Segment Open

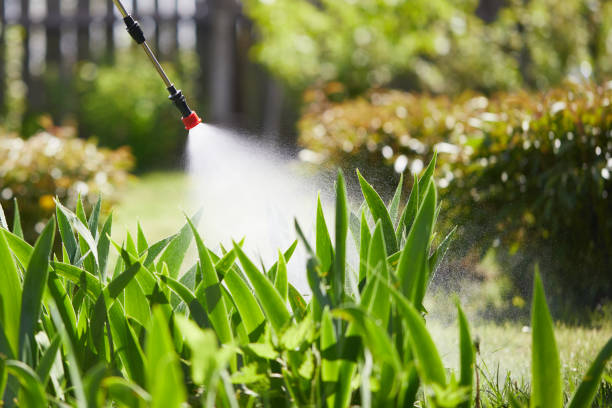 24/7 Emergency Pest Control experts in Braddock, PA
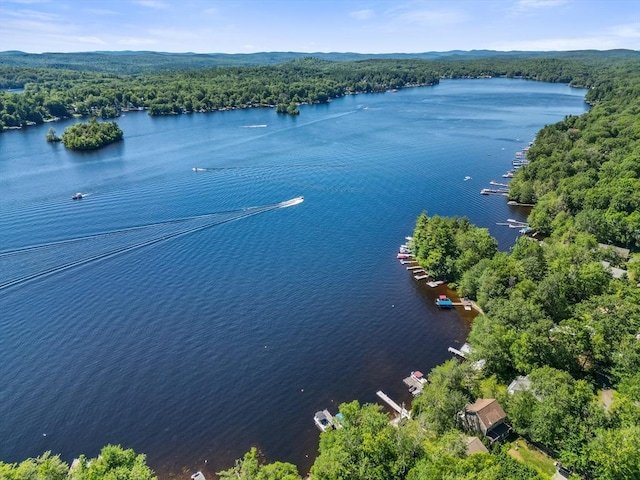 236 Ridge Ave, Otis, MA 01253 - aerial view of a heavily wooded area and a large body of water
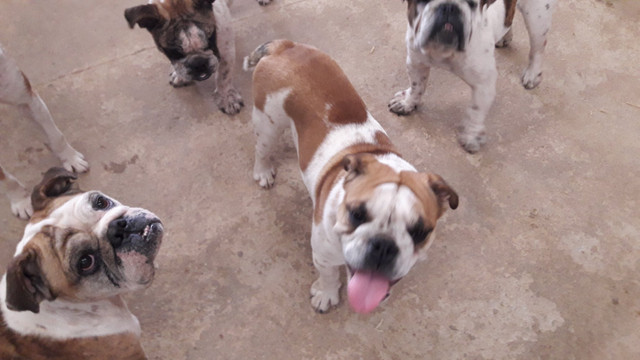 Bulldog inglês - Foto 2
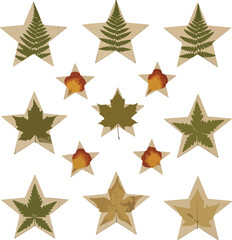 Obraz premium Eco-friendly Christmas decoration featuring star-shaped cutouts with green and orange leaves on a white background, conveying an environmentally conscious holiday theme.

Segment Closed
Segment Open

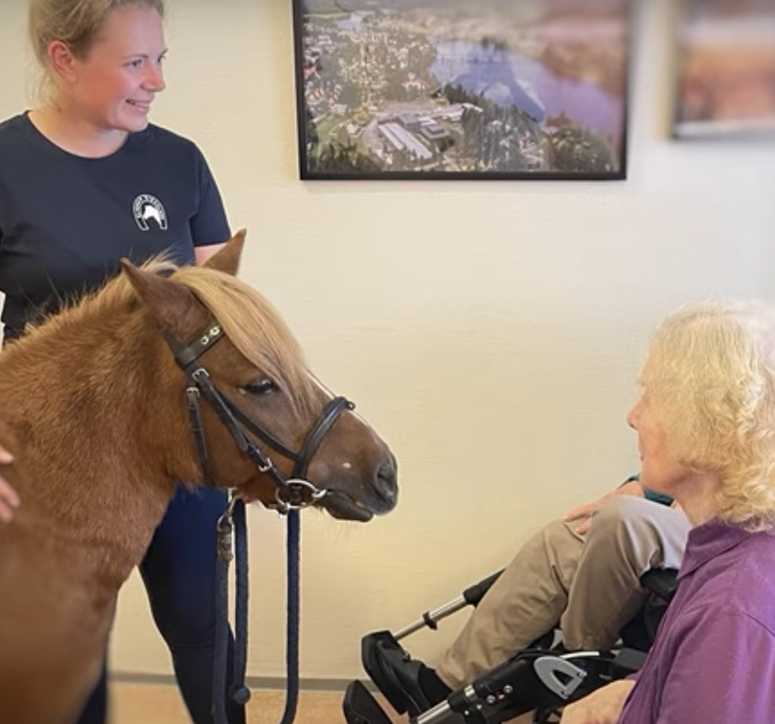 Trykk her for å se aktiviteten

Segment Closed
Segment Open

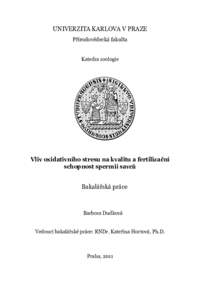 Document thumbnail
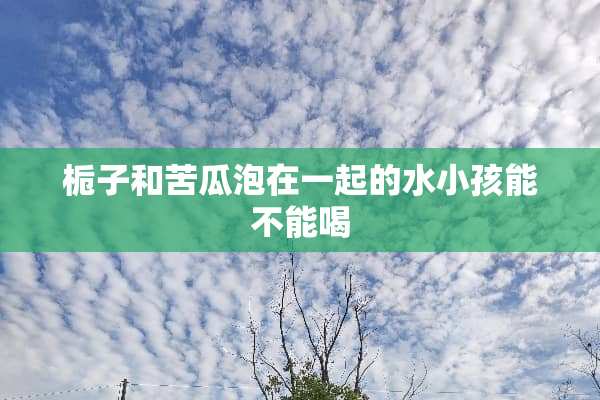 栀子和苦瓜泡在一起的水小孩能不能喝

Segment Closed

Leaving out each picture, repeat exactly the lines above from the one that contains "24/7 Emergency Pest" through the one that contains "Obraz premium Eco-friendly".

- **RESPONSE**
 24/7 Emergency Pest Control experts in Braddock, PA
 236 Ridge Ave, Otis, MA 01253 - aerial view of a heavily wooded area and a large body of water
 Bulldog inglês - Foto 2
 Obraz premium Eco-friendly Christmas decoration featuring star-shaped cutouts with green and orange leaves on a white background, conveying an environmentally conscious holiday theme.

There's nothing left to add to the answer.